In the end we were evicted and the place as far as I know is still empty.

fingers malone
May 20 2012 13:25

Errr, right, well I've got all that off my chest, now I should get a little bit political I suppose.

When these things happened, with hindsight, I didn't deal with them strategically, for example that horrible meeting I didn't talk to anyone else beforehand and say "back me up!" I just turned up at the meeting and said "Why did you do this?" However, it's also a bit wrong to be too wise after the event about that, someone got treated with racism, I went to the meeting and straightforwardly complained, they wouldn't admit it. That's because they didn't want to. Having the best approach in the world might not have changed that. Re. all the sexism, thing is sometimes there weren't many women involved, and the ones who were might or might not have agreed there was a problem, we could have got together to talk about it, that would at least have been a start, but we didn't. At the time there was so much of a big ideology around "local working class people" that there would probably have been a lot of hostility if we had done that. Also I didn't know a lot of the other women before the occupation so I would have been kinda unsure about suggesting it. It's still probably a good suggestion.

Thing is, the people who behaved really badly would have militantly defended their right to behave like that, and the political group were very very sure they were right about everything, and it would have been pretty tricky to challenge both at once. Also, I genuinely cared about the occupation, and I didn't want to be a "distraction"....

gypsy
May 20 2012 13:59

cheers for that fingersmalone.

Mike Harman
May 21 2012 07:17

I was a member of the political group at the time, and loosely involved with the occupation. I lived the opposite side of Hackney, was mainly there afternoon as opposed to evenings/overnight, and disappeared late Autumn since my daughter was close to being born. I also left the group not long after the occupation finished.

With all those caveats, I didn't notice any of the bad behaviour examples mentioned (although I agree the entire thing was riddled with contradictions), while the only one that actually surprises me is the 'lot of racism'.

I'd be interested to know whether those examples were from the first few or last few months of the occupation or across the whole thing - i.e. whether I missed it while loosely involved, or if things got worse towards the end when I wasn't there to see it anyway.

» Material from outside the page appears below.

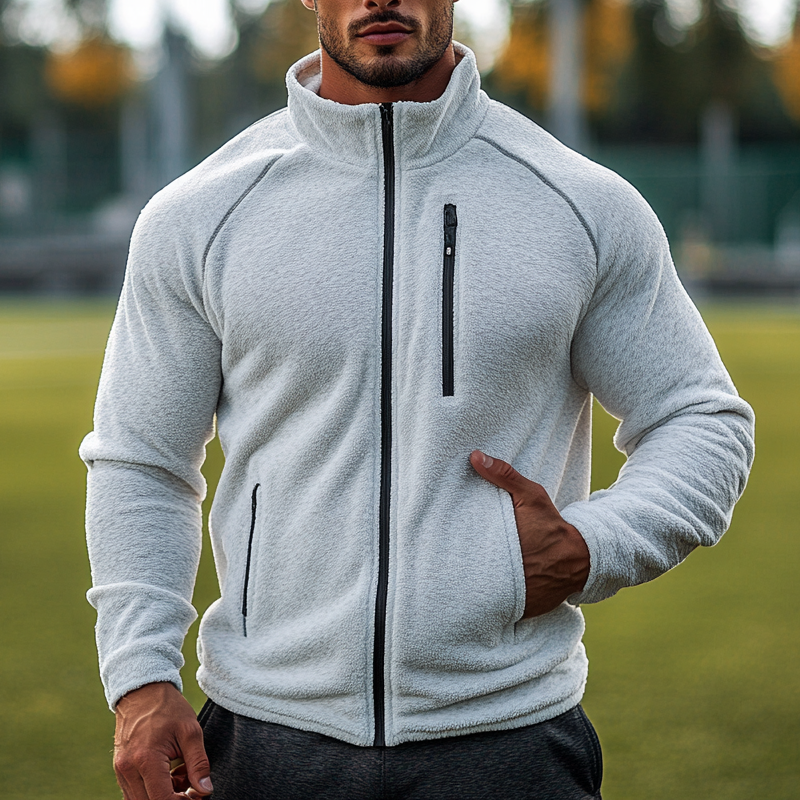 Men's Casual Sports Solid Color Polar Fleece Stand Collar Zipper Jacket MTA1365J3X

I should mention people in that political group would definitely put up a lot of resistance to 'lefty' stuff so definitely recognise that general phrasing. I just only saw that applied personally to things like having specific political events in the cafe - but again I may just not have been involved enough to pick up on much of this.

fingers malone
May 21 2012 07:54

Thanks for writing.
Maybe it's too strongly worded to say 'lots of racism', there were some incidents, but they affected friends of mine, so I reacted strongly to them and they stuck in my memory.
I was usually around in the evenings after work and not in the afternoons, bad behaviour was more likely in the evening when people had been drinking.
It's a fair question about when in the occupation this was but I don't really know, I remember the things I'm talking about clearly but I don't remember whether they were early or late in the occupation, sorry.
The sexism thing for example, I raised it once with a member of the group, he was totally dismissive, then I didn't say anything to anyone else, so you probably wouldn't have known.
But come on, you must remember some of the guys sitting around chucking their dogends on the floor, they did that consistently for the whole occupation!